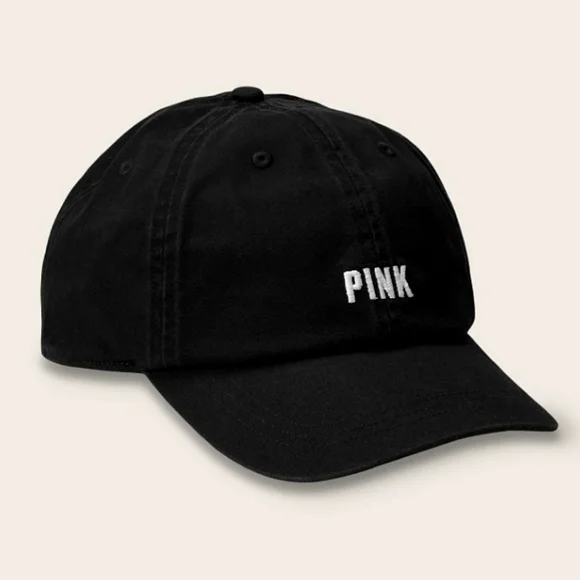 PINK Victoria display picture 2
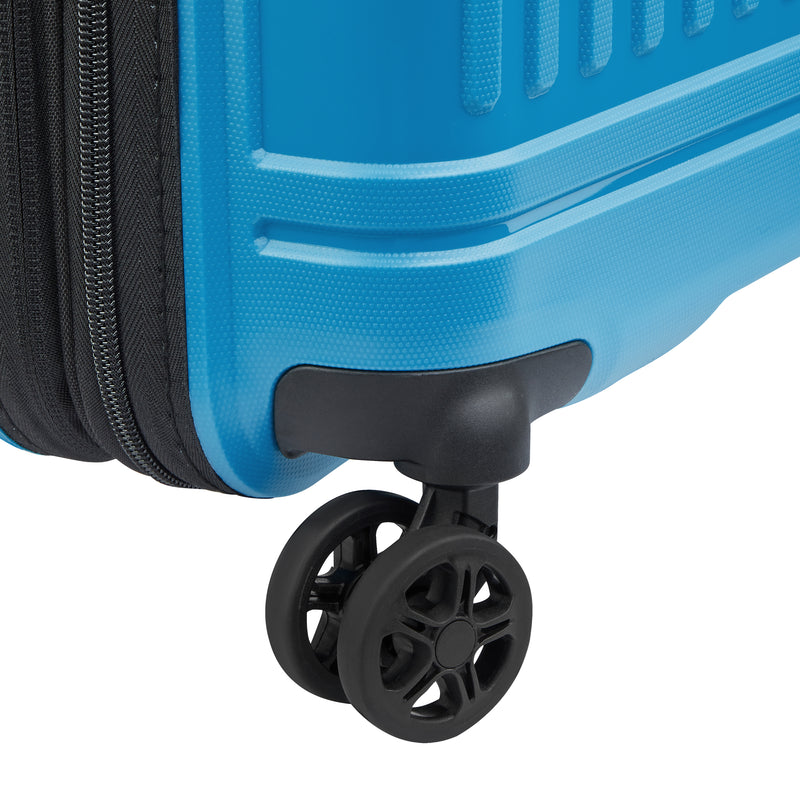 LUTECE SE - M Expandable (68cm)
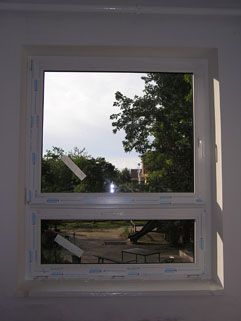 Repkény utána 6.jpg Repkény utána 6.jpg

_ _ _ _

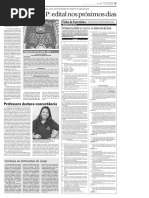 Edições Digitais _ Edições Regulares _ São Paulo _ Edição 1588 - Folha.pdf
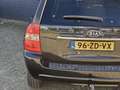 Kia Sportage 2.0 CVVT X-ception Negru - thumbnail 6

_ _ _ _

## TRY IT
Set down, exactly as written above, each line from the one with "PINK Victoria display picture 2" through the one with "Repkény utána 6.jpg Repkény utána 6.jpg", and skip the pictures.

## OUTPUT FOR THIS EXERCISE
 PINK Victoria display picture 2
 LUTECE SE - M Expandable (68cm)
 Repkény utána 6.jpg Repkény utána 6.jpg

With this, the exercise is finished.